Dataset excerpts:
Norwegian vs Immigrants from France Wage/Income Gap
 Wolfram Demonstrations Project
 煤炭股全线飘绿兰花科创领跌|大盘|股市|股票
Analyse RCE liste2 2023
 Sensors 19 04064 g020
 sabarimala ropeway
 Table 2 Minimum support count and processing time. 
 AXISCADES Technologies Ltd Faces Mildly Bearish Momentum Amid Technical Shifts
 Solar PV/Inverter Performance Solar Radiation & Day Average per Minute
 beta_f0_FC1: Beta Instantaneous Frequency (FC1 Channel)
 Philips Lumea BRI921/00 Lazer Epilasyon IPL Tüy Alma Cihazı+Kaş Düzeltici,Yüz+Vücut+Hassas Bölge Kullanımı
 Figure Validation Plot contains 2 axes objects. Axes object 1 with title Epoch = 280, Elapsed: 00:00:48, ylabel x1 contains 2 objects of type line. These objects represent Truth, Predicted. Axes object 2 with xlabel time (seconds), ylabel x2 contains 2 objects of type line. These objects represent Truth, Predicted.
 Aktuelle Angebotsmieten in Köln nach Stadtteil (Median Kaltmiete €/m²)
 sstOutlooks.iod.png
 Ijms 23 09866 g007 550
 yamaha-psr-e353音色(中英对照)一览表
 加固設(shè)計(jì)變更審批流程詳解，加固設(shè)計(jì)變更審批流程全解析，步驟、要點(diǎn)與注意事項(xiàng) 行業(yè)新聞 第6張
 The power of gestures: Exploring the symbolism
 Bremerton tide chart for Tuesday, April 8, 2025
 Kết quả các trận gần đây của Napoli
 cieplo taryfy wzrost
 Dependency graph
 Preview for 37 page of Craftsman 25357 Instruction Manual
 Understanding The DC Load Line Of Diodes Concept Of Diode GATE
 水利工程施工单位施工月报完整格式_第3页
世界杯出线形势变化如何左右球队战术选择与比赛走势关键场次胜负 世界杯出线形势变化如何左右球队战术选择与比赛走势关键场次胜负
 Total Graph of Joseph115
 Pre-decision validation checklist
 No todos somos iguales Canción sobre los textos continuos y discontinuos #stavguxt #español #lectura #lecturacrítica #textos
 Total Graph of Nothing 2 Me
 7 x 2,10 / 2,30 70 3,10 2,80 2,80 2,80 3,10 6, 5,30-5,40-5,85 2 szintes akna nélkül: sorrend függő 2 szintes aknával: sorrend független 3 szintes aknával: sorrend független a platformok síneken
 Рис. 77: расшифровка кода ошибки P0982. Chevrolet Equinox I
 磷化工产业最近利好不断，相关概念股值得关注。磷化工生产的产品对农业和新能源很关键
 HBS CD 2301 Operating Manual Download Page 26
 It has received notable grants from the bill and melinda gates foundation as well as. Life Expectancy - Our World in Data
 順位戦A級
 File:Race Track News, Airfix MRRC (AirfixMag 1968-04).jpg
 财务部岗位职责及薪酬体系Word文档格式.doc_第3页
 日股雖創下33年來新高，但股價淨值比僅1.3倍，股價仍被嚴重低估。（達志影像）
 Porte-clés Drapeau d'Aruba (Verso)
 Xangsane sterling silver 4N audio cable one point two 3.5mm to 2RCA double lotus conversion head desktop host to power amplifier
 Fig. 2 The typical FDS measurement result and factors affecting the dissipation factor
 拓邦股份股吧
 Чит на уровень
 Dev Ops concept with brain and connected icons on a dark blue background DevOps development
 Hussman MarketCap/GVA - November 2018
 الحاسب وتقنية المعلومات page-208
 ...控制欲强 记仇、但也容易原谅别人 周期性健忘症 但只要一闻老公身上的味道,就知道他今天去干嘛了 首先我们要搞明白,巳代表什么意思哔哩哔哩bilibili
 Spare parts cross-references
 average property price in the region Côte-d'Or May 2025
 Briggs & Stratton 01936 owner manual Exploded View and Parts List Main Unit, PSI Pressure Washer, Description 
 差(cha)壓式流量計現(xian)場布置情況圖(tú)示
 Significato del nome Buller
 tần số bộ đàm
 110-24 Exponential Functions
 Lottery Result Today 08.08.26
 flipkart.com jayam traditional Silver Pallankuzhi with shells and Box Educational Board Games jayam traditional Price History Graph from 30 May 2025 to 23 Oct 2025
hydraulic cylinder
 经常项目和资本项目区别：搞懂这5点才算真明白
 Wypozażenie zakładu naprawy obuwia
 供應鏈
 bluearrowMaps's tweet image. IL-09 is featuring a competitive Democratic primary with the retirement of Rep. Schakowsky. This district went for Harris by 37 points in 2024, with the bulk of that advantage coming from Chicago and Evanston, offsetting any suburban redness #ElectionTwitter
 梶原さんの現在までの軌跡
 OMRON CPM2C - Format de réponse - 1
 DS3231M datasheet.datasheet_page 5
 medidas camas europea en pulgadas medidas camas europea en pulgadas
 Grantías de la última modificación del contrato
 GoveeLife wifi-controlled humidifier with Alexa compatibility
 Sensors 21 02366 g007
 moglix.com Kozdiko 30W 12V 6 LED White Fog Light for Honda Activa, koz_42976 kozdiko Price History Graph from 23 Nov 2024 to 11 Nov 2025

## [PROBLEM TO WORK ON]
Will you return exactly the lines above from the one with "Analyse RCE liste2 2023" down to the one with "File:Race Track News, Airfix", counting both as part of the range?

## [FINISHED EXERCISE]
Analyse RCE liste2 2023
 Sensors 19 04064 g020
 sabarimala ropeway
 Table 2 Minimum support count and processing time. 
 AXISCADES Technologies Ltd Faces Mildly Bearish Momentum Amid Technical Shifts
 Solar PV/Inverter Performance Solar Radiation & Day Average per Minute
 beta_f0_FC1: Beta Instantaneous Frequency (FC1 Channel)
 Philips Lumea BRI921/00 Lazer Epilasyon IPL Tüy Alma Cihazı+Kaş Düzeltici,Yüz+Vücut+Hassas Bölge Kullanımı
 Figure Validation Plot contains 2 axes objects. Axes object 1 with title Epoch = 280, Elapsed: 00:00:48, ylabel x1 contains 2 objects of type line. These objects represent Truth, Predicted. Axes object 2 with xlabel time (seconds), ylabel x2 contains 2 objects of type line. These objects represent Truth, Predicted.
 Aktuelle Angebotsmieten in Köln nach Stadtteil (Median Kaltmiete €/m²)
 sstOutlooks.iod.png
 Ijms 23 09866 g007 550
 yamaha-psr-e353音色(中英对照)一览表
 加固設(shè)計(jì)變更審批流程詳解，加固設(shè)計(jì)變更審批流程全解析，步驟、要點(diǎn)與注意事項(xiàng) 行業(yè)新聞 第6張
 The power of gestures: Exploring the symbolism
 Bremerton tide chart for Tuesday, April 8, 2025
 Kết quả các trận gần đây của Napoli
 cieplo taryfy wzrost
 Dependency graph
 Preview for 37 page of Craftsman 25357 Instruction Manual
 Understanding The DC Load Line Of Diodes Concept Of Diode GATE
 水利工程施工单位施工月报完整格式_第3页
世界杯出线形势变化如何左右球队战术选择与比赛走势关键场次胜负 世界杯出线形势变化如何左右球队战术选择与比赛走势关键场次胜负
 Total Graph of Joseph115
 Pre-decision validation checklist
 No todos somos iguales Canción sobre los textos continuos y discontinuos #stavguxt #español #lectura #lecturacrítica #textos
 Total Graph of Nothing 2 Me
 7 x 2,10 / 2,30 70 3,10 2,80 2,80 2,80 3,10 6, 5,30-5,40-5,85 2 szintes akna nélkül: sorrend függő 2 szintes aknával: sorrend független 3 szintes aknával: sorrend független a platformok síneken
 Рис. 77: расшифровка кода ошибки P0982. Chevrolet Equinox I
 磷化工产业最近利好不断，相关概念股值得关注。磷化工生产的产品对农业和新能源很关键
 HBS CD 2301 Operating Manual Download Page 26
 It has received notable grants from the bill and melinda gates foundation as well as. Life Expectancy - Our World in Data
 順位戦A級
 File:Race Track News, Airfix MRRC (AirfixMag 1968-04).jpg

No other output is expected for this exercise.